Of course the “green ink” is preliminary … and there are signs that the Palmetto State’s economic expansion isn’t quite living up to previous forecasts.

According to data released this week by the S.C. Revenue and Fiscal Affairs (SCRFA) office, incoming general fund revenues are up 4.1 percent through November and “are trending above current forecast projections by an estimated $22.8 million.”

Good news?  Eh …

Fiscal years in the Palmetto State begin on July 1, meaning this data (.pdf) encompasses the months of July through November.  We won’t know until sometime next summer just how close the forecasters came to hitting their marks.

Breaking down the numbers, sales and use tax collections are up 6.7 percent for the year, individual income tax collections are up 4.4 percent, corporate income tax receipts are up 19.3 percent and corporate license tax receipts are up by 32.2 percent.  Revenue from other general fund revenue sources is down by 11.1 percent, however.

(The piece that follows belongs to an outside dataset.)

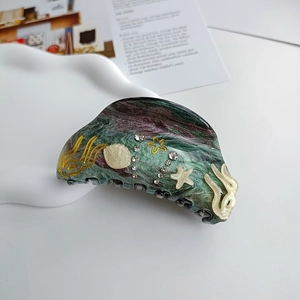 Detail of ocean-themed hair claw clip with marble texture, seashell and starfish accents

Can the overall growth rate be sustained?

It’s unclear …

Last month, state economists projected an employment growth rate of 1.8 percent for South Carolina during the current fiscal year – which ends on June 30.  They also projected personal income growth of 4.25 percent.  From July through October, though, employment growth clocked in at 1.6 percent (or 0.2 percent below the estimate) while personal income growth expanded at a 3.7 percent clip (or 0.55 percent below the estimate).

Obviously if those estimates slide over the next seven months, the current surplus could easily disappear … and possibly turn into a deficit.

Also, it’s important to remember that these revenues are only a small part of a much bigger picture.

Readers wouldn’t be aware from reading mainstream media reports, but general fund revenues are only one part of the state budget – which cleared the $29 billion mark in fiscal year 2017-2018.

In the current budget, these general fund sources accounted for approximately $8 billion in spending – which is the figure mainstream media reporters like to refer to as the “state budget.”

The truth?  It’s less than a third of the state budget.

These reporters routinely neglect to mention the $8.6 billion in federal money that flows into state government – or the $11 billion in revenue collected in fees and fines from South Carolina citizens.  They also don’t write about the $1 billion (or more) in food stamp money that state lawmakers surreptitiously took off the books in 2014.

This year the cash drain will be even worse …

Governor Henry McMaster signed an annual $826 million tax hike intended to bail out the state’s woefully mismanaged pension fund, and on top of that there’s the massive tax hike approved by lawmakers in May.

Oh, and tons of other borrowing.

Add it all up and we’re talking about significant government growth, people … which is why it’s so inexcusable that South Carolina’s core functions continue to be shortchanged and its overall outcomes remain so abysmal.